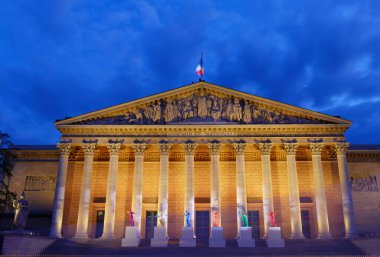 Paris, France-April 24, 2024 : The National Assembly- Bourbon Palace with six sculptures representing Olympism on its steps, to celebrate sport and art. It imagined by artist Laurent Perbos. clipart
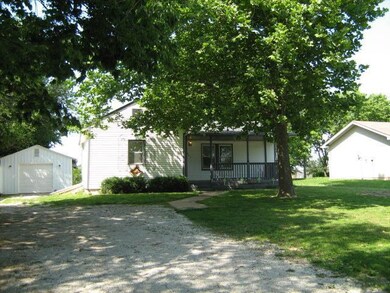 View of large shady driveway, front porch, and garage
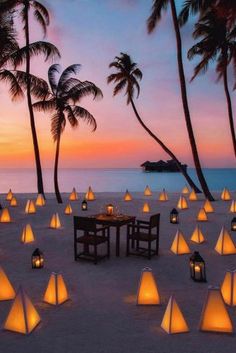 a table and chairs are set up on the beach at sunset with palm trees in the background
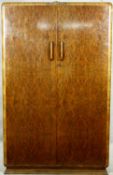 A mid century burr walnut Art Deco style fitted wardrobe on stepped plinth base. H.184 W.120 D.50cm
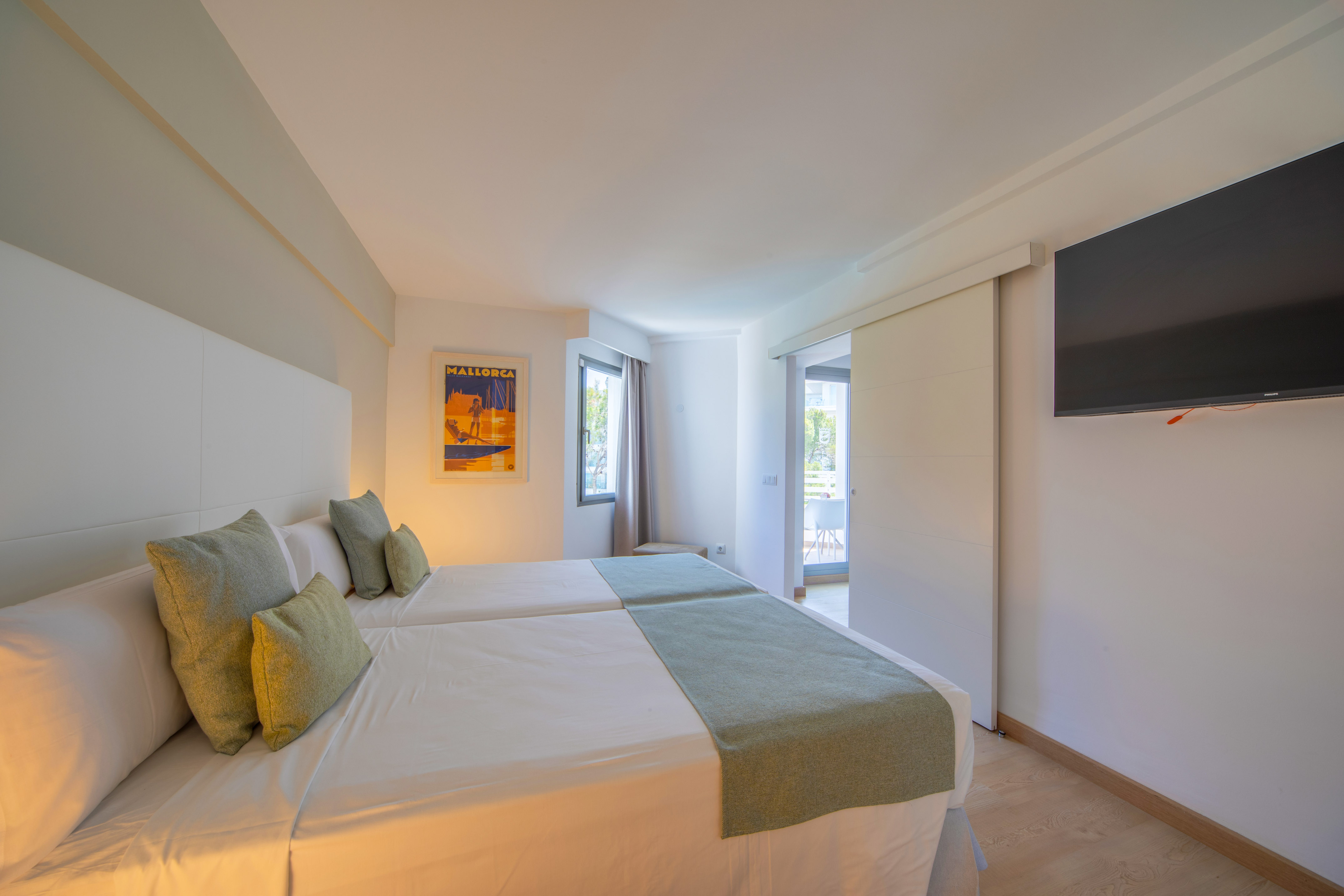 a room with two beds and a television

☆ ☆ ☆ ☆

▶ What you should do: The answer must restate each entry word for word and contain no images.

▶ Response area:
 Paris, France-April 24, 2024 : The National Assembly- Bourbon Palace with six sculptures representing Olympism on its steps, to celebrate sport and art. It imagined by artist Laurent Perbos. clipart
 View of large shady driveway, front porch, and garage
 a table and chairs are set up on the beach at sunset with palm trees in the background
 A mid century burr walnut Art Deco style fitted wardrobe on stepped plinth base. H.184 W.120 D.50cm
 a room with two beds and a television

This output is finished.